[EXERCISE DIRECTIONS]
Copy out exactly the stretch of the listing below that begins at the line containing "ট্রলীর চাপায় মটরসাইকেল" and ends at the line containing "Appartement à BALLAINVILLIERS", and copy nothing outside it.
INFORMATION SHOWN: Begin
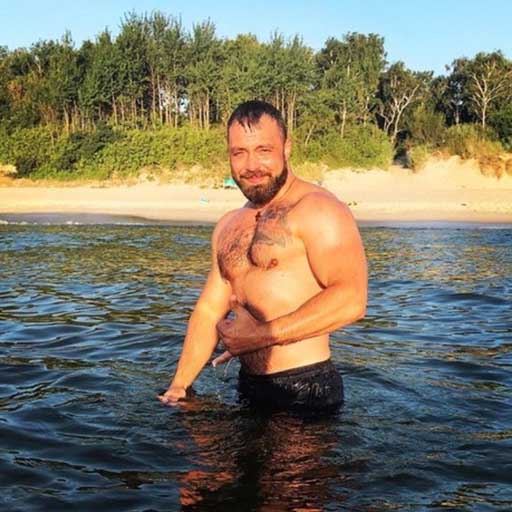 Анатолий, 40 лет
INFORMATION SHOWN: End
INFORMATION SHOWN: Begin
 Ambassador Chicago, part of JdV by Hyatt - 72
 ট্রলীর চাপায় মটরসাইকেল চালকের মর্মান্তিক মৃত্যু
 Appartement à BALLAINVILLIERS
INFORMATION SHOWN: End
[TASK OUTPUT]
 ট্রলীর চাপায় মটরসাইকেল চালকের মর্মান্তিক মৃত্যু
 Appartement à BALLAINVILLIERS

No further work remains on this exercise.